Segment Start: Collected data

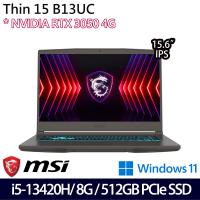 MSI微星 Thin 15 B13UC-2017TW 15.6吋 電競筆電/i5-13420H/8G/512G SSD/RTX3050/W11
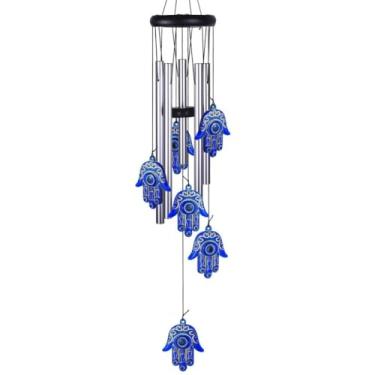 Imagem de Sino dos Ventos Mensageiro Proteção Espiritual 65cm(Mão de Fatima Azul)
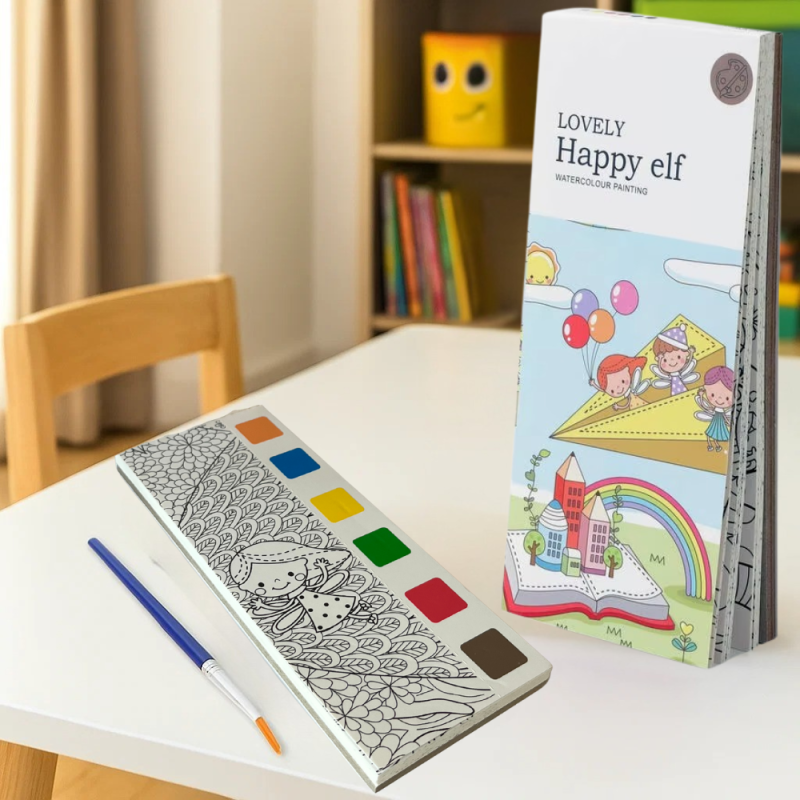 Альбом для розфарбовування акварельними фарбами “Happy elf“ розмальовка з пензликом для творчості
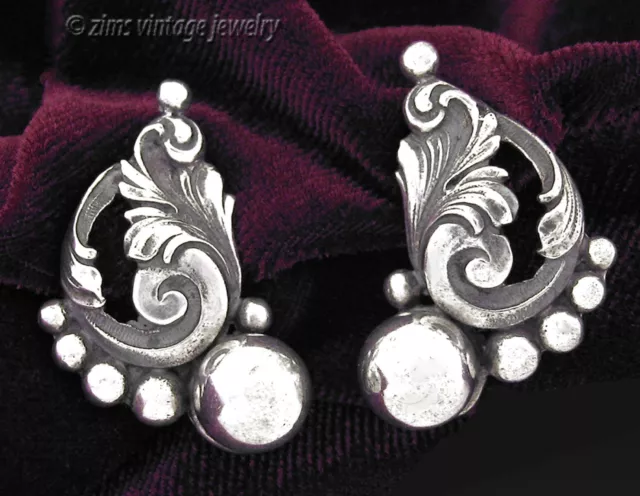 Vintage Guglielmo CINI Art Nouveau style Sterling silver Leaf ball EARRINGS clip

Segment End: Collected data

◆ The problem ◆
Skip the pictures. Write out exactly the lines from the one with "Imagem de Sino" through the last line of the listing, both ends included, and nothing more.

◆ Expected answer ◆
 Imagem de Sino dos Ventos Mensageiro Proteção Espiritual 65cm(Mão de Fatima Azul)
 Альбом для розфарбовування акварельними фарбами “Happy elf“ розмальовка з пензликом для творчості
 Vintage Guglielmo CINI Art Nouveau style Sterling silver Leaf ball EARRINGS clip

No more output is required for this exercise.